Chaque participant consommait en moyenne 1,6 litre d'eau par jour; de ce volume, 68 % est de l'eau du robinet, 23 % de l'eau embouteillée et 9 % de l'eau filtrée. Environ la moitié de cette eau est consommée nature (par exemple un verre d'eau); l'autre moitié est prise mêlée à une boisson (thé, café, jus) ou à des aliments tels que de la soupe par exemple. L'eau contenue dans les aliments est négligeable dans la consommation totale. Le volume d'eau consommée ne change pas selon l'âge des répondants mais les personnes âgées prennent davantage d'eau sous forme de boissons chaudes ou de soupes.

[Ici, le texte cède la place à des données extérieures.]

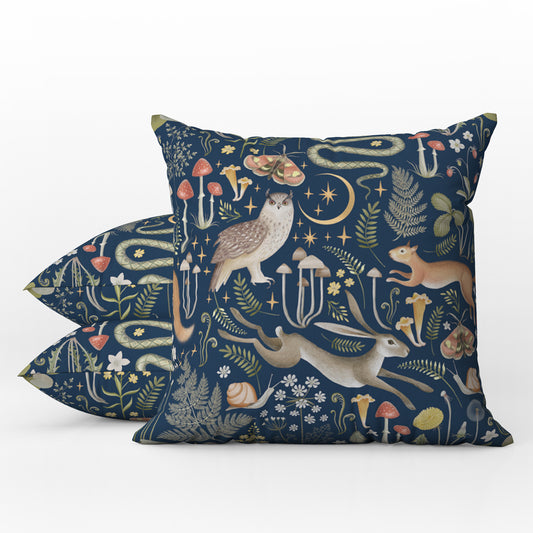 Enchanted Forest Outdoor Pillows Navy Blue
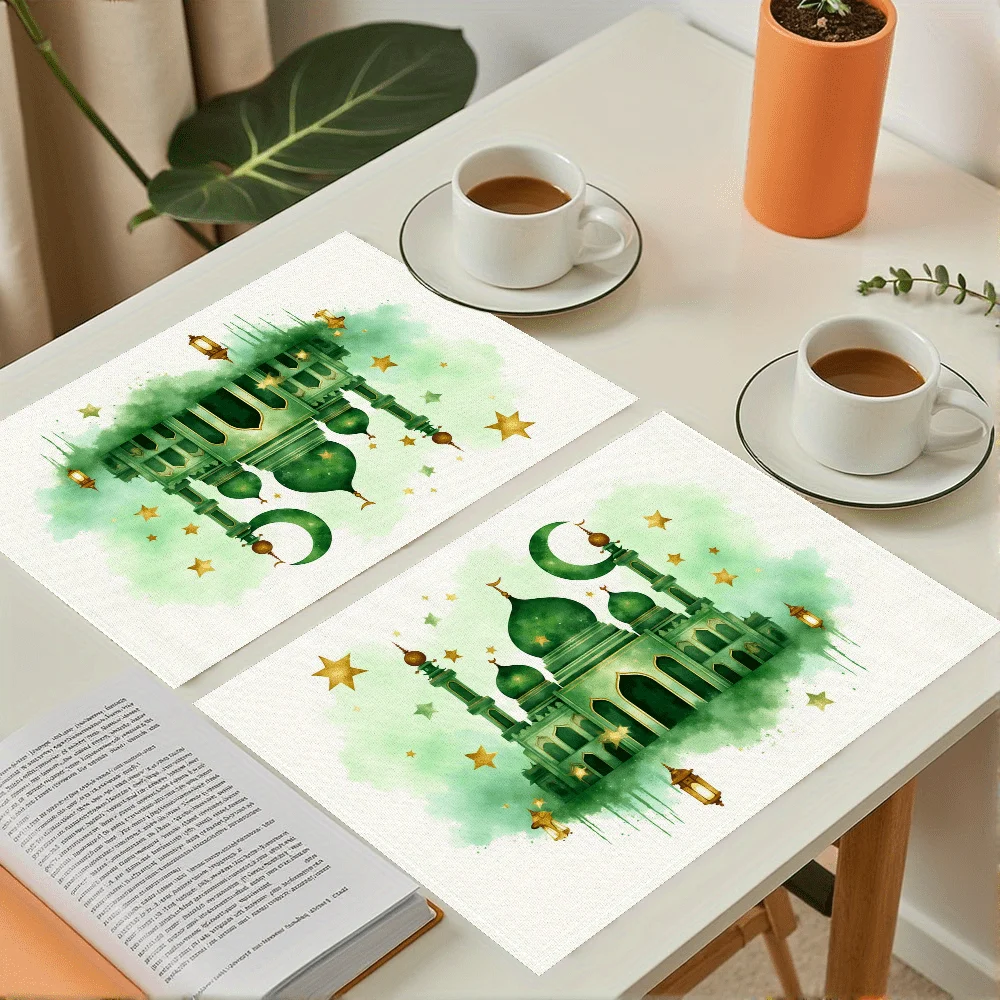 1PC Ramadan Placemats, Designed with Mosque Patterns and Starry Elements, Suitable for Festive Use.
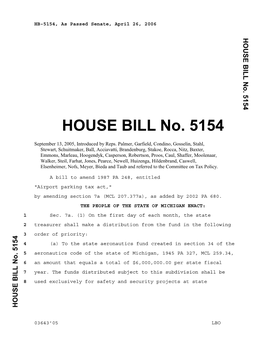 HOUSE BILL No. 5154 No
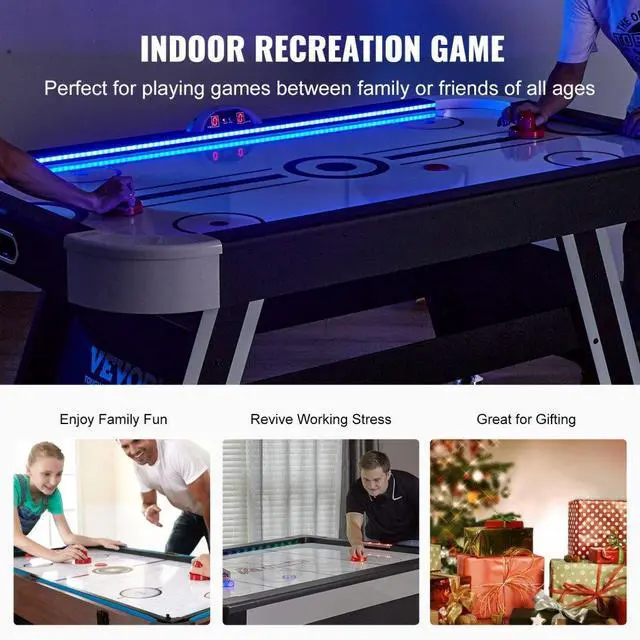 Alt view image 6 of 7 - VEVOR Air-Powered Hockey Table, 72" Indoor Hockey Table for Kids and Adults, LED Sports Hockey Game with 2 Pucks, 2 Pushers, and Electronic Score System, Arcade Gaming Set for Game Room Family Home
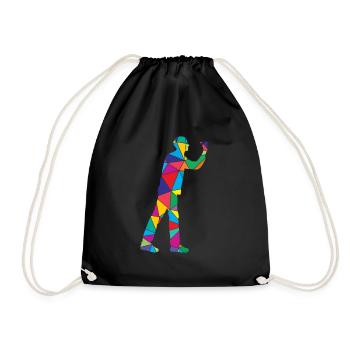 Low Poly Dartist Polygon Dart - Drawstring Bag - black - Front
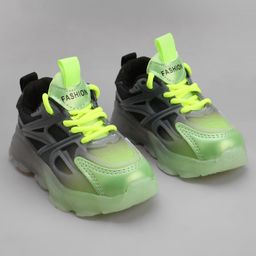 Babyoye LED Sneakers Shoes with Lace Tie Up Closure - Black & Green-picture-47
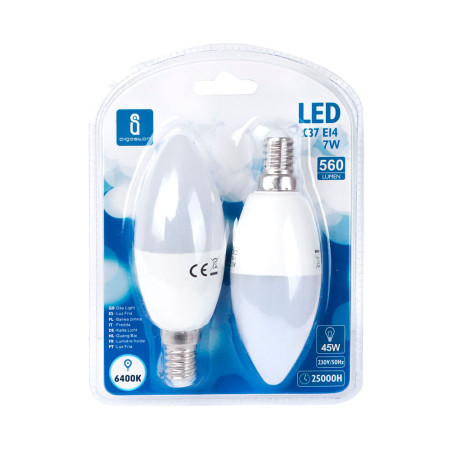 Lot 2 ampoules LED E14 Flamme 7W (équivalent 45W) - Blanc froid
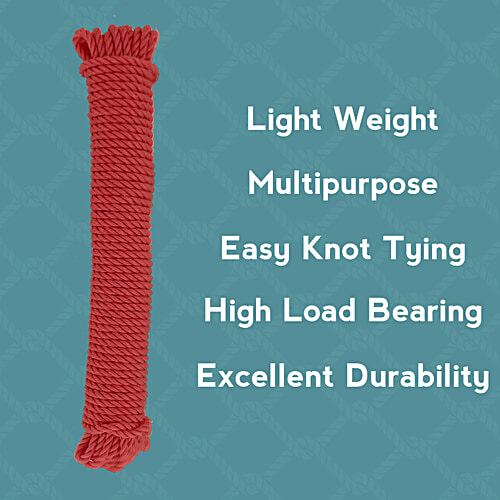 Hazel Nylon Rope - Strong & Durable, Thickness 4 mm, 12 Metre, Assorted, 1 pc  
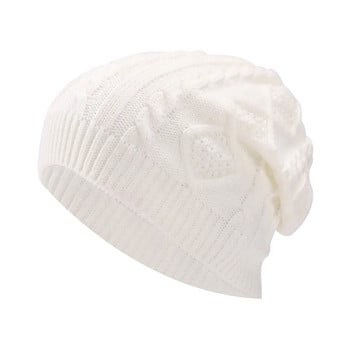 Νέο Cool Women Warm Soft Beanies Καπέλο καπέλο Lady Apring Φθινόπωρο Χειμώνας Μασίφ γεωμετρικό πλεκτό Casual καπέλο κοκάλι για γυναίκες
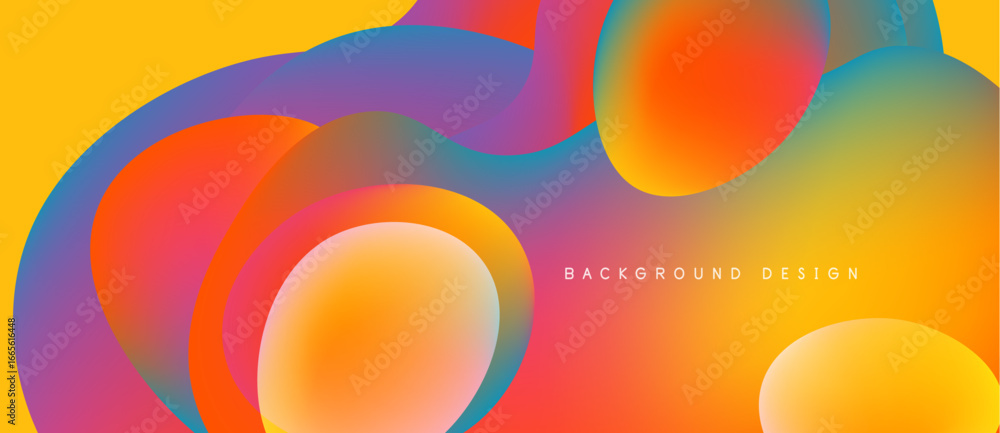 Poster abstract colorful shapes overlap, creating vibrant gradients. yellow background provides contrast. m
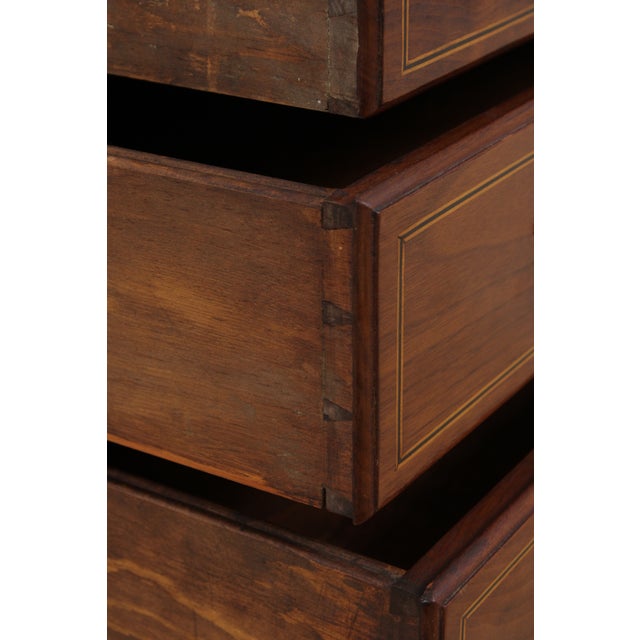Antique Bench Made Inlaid Walnut Slant Front Desk For Sale - Image 9 of 16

Les chercheurs rapportent également qu'il n'y a pas de différence significative dans la quantité totale d'eau consommée quotidiennement par les gens qui boivent l'eau du robinet (1,5 litre) et par ceux qui consomment de l'eau embouteillée ou de l'eau filtrée (1,7 litre). Par contre, ces derniers prennent deux fois plus d'eau sous forme naturelle (1 litre) que ceux qui prennent leur eau du robinet (0,5 litre). "Lorsque l'eau a bon goût, on la consomme davantage sous sa forme naturelle", explique simplement le responsable de l'étude Patrick Levallois, professeur au Département de médecine sociale et préventive. Autre tendance observée par les chercheurs: 25 % de la consommation d'eau a maintenant lieu à l'extérieur de la résidence. "Toutes ces données révèlent que les modèles utilisés dans les études d'exposition au risque comportent certaines lacunes, note Patrick Levallois. Ces modèles présument que les gens consomment toute leur eau à la maison et que cette eau provient du robinet. On voit bien que ce n'est plus conforme à la réalité."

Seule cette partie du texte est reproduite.